From owner-freebsd-current@FreeBSD.ORG  Sun Mar  7 11:59:36 2010
Return-Path: <owner-freebsd-current@FreeBSD.ORG>
Delivered-To: current@FreeBSD.org
Received: from mx1.freebsd.org (mx1.freebsd.org [IPv6:2001:4f8:fff6::34])
	by hub.freebsd.org (Postfix) with ESMTP id 771B5106566B;
	Sun,  7 Mar 2010 11:59:36 +0000 (UTC)
	(envelope-from rwatson@FreeBSD.org)
Received: from cyrus.watson.org (cyrus.watson.org [65.122.17.42])
	by mx1.freebsd.org (Postfix) with ESMTP id 549A48FC17;
	Sun,  7 Mar 2010 11:59:36 +0000 (UTC)
Received: from fledge.watson.org (fledge.watson.org [65.122.17.41])
	by cyrus.watson.org (Postfix) with ESMTPS id CE53346B51;
	Sun,  7 Mar 2010 06:59:35 -0500 (EST)
Date: Sun, 7 Mar 2010 11:59:35 +0000 (GMT)
From: Robert Watson <rwatson@FreeBSD.org>
X-X-Sender: robert@fledge.watson.org
To: current@FreeBSD.org, stable@FreeBSD.org
Message-ID: <alpine.BSF.2.00.1003071141050.9729@fledge.watson.org>
User-Agent: Alpine 2.00 (BSF 1167 2008-08-23)
MIME-Version: 1.0
Content-Type: TEXT/PLAIN; format=flowed; charset=US-ASCII
Cc: 
Subject: net.inet.tcp.timer_race: does anyone have a non-zero value?
X-BeenThere: freebsd-current@freebsd.org
X-Mailman-Version: 2.1.5
Precedence: list
List-Id: Discussions about the use of FreeBSD-current
	<freebsd-current.freebsd.org>
List-Unsubscribe: <http://lists.freebsd.org/mailman/listinfo/freebsd-current>, 
	<mailto:freebsd-current-request@freebsd.org?subject=unsubscribe>
List-Archive: <http://lists.freebsd.org/pipermail/freebsd-current>
List-Post: <mailto:freebsd-current@freebsd.org>
List-Help: <mailto:freebsd-current-request@freebsd.org?subject=help>
List-Subscribe: <http://lists.freebsd.org/mailman/listinfo/freebsd-current>,
	<mailto:freebsd-current-request@freebsd.org?subject=subscribe>
X-List-Received-Date: Sun, 07 Mar 2010 11:59:36 -0000


Dear all:

I'm embarking on some new network stack locking work, which requires me to 
address a number of loose ends in the current model.  A few years ago, my 
attention was drawn to a largly theoretical race, which had existed in the BSD 
code since inception.  It is detected and handled in practice, but relies on 
type stability of TCP connection data structures, which will need to change in 
the future due to on-going virtualization work.  I didn't fix it at the time, 
but did add a counter so that we could see if it was happening in the field -- 
that counter, net.inet.tcp.timer_race, indicates whether or not the stack has 
detected it happening (and then handled it).  This e-mail is to collect the 
results of that in-the-field survey.

Please check the results of the following command:

   % sysctl net.inet.tcp.timer_race
   net.inet.tcp.timer_race: 0

If your system shows a non-zero value, please send me a *private e-mail* with 
the output of that command, plus also the output of "sysctl kern.smp", 
"uptime", and a brief description of the workload and network interface 
configuration.  For example: it's a busy 8-core web server with roughly X 
connections/second, and that has three em network interfaces used to load 
balance from an upstream source.  IPSEC is used for management purposes (but 
not bulk traffic), and there's a local MySQL database.

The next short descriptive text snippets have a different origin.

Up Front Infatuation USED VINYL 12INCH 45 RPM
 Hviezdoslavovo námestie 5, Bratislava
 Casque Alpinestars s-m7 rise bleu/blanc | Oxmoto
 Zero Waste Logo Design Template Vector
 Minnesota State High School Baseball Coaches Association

I've already seen one non-zero report, but would be interested in knowing a 
bit more about the kinds of situations where it's happening so that I can 
prioritize fixing it appropriately, but also reason about the frequency at 
which it happens so we can select a fix that avoids adding significant 
overhead in the common case.

Thanks,

Robert N M Watson
Computer Laboratory
University of Cambridge